| Record excerpts |
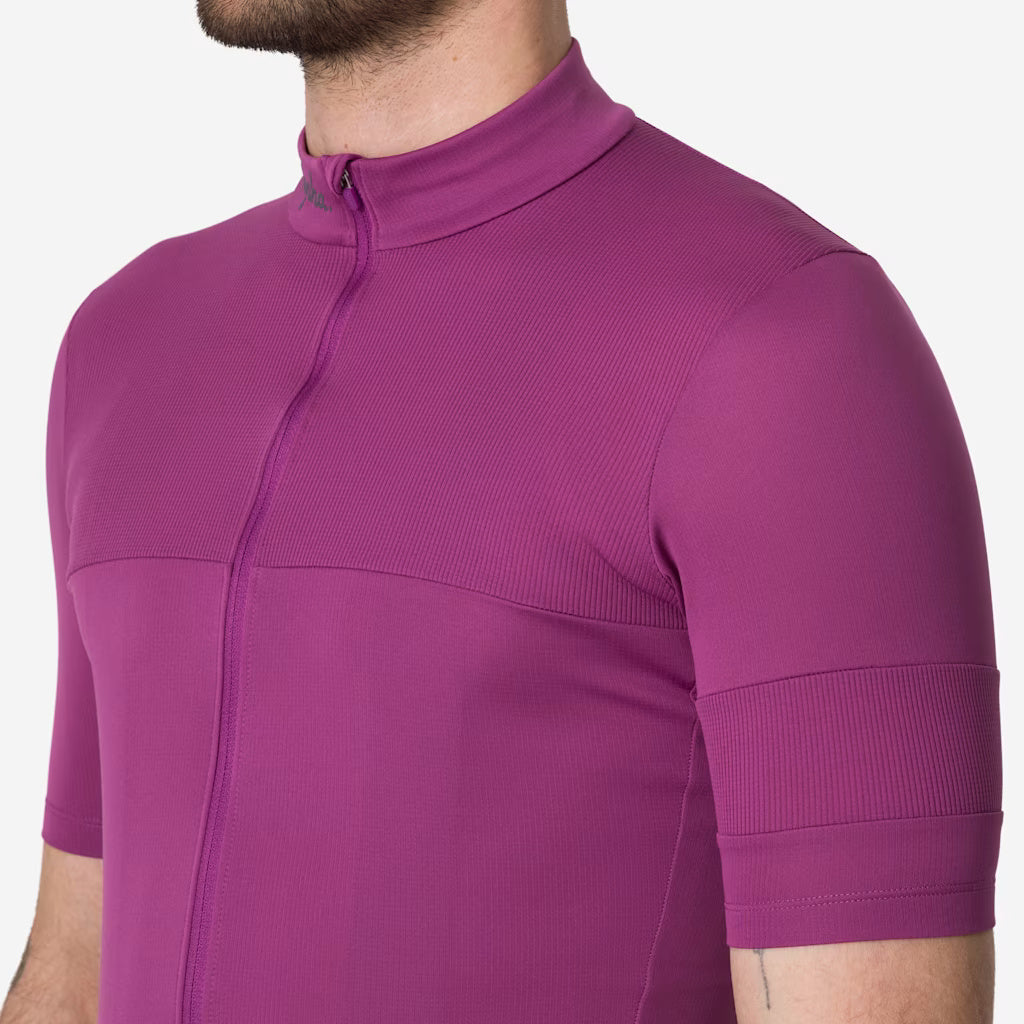 Maglia Rapha Brevet Element - Viola Rapha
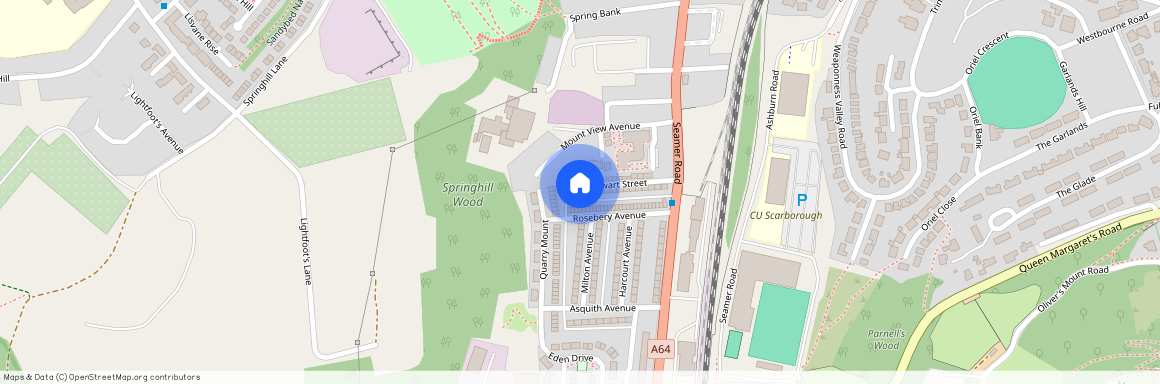 Ewart Street, YO12, Scarborough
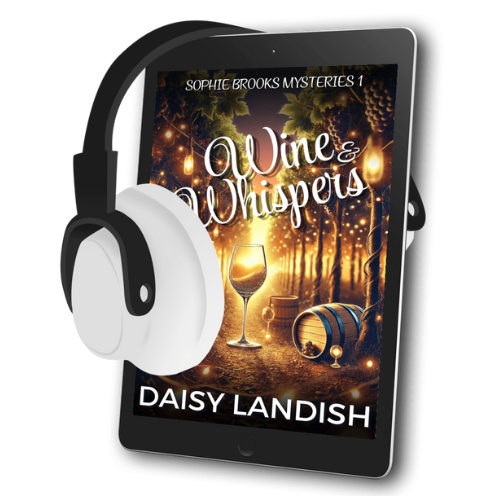 Wine and Whispers (Sophie Brooks Mysteries #1) Audiobook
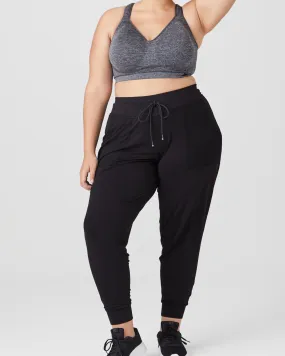 Duke Cozy Jogger | Black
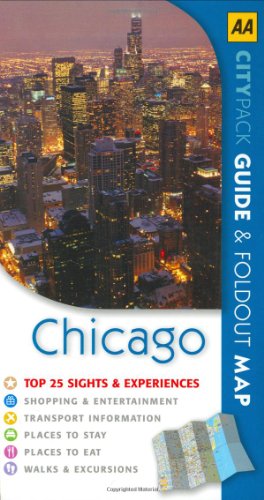 AA CityPack Chicago (AA CityPack Guides)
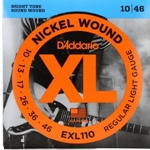 D'Addario Set Elec Guitar XL Reg Lite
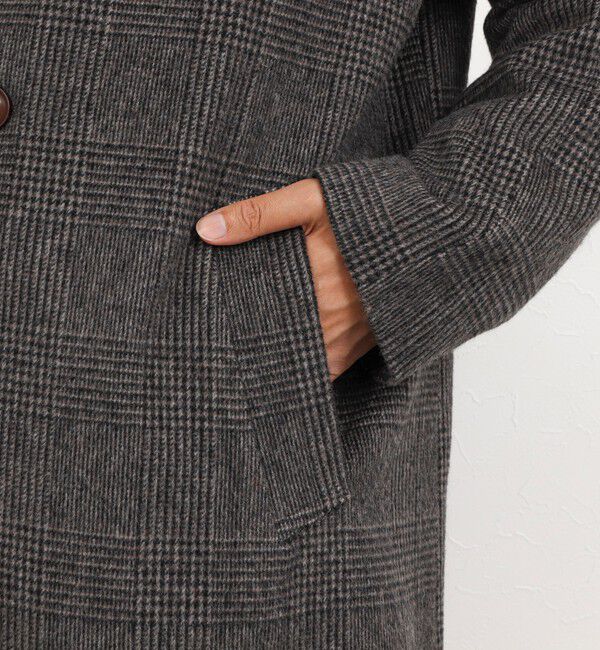 NOLLEY'S goodman「《ビジカジ対応》シングルチェスターコート 26AW」|その他|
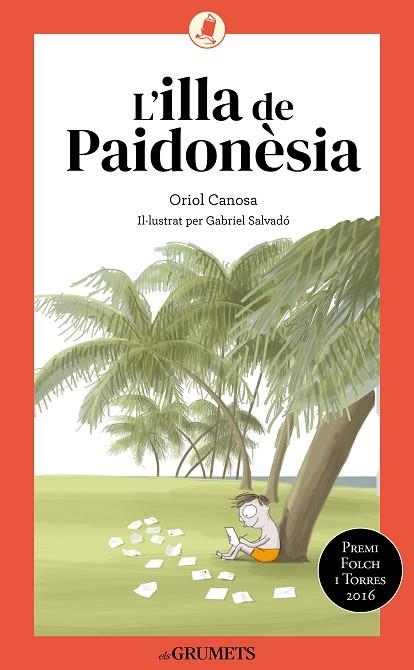L'illa de Paidonèsia | 9788424675738 | Canosa, Oriol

| Action item |
Print the whole listing above exactly, and keep every picture out of the copy.

| Written response |
 Maglia Rapha Brevet Element - Viola Rapha
 Ewart Street, YO12, Scarborough
 Wine and Whispers (Sophie Brooks Mysteries #1) Audiobook
 Duke Cozy Jogger | Black
 AA CityPack Chicago (AA CityPack Guides)
 D'Addario Set Elec Guitar XL Reg Lite
 NOLLEY'S goodman「《ビジカジ対応》シングルチェスターコート 26AW」|その他|
L'illa de Paidonèsia | 9788424675738 | Canosa, Oriol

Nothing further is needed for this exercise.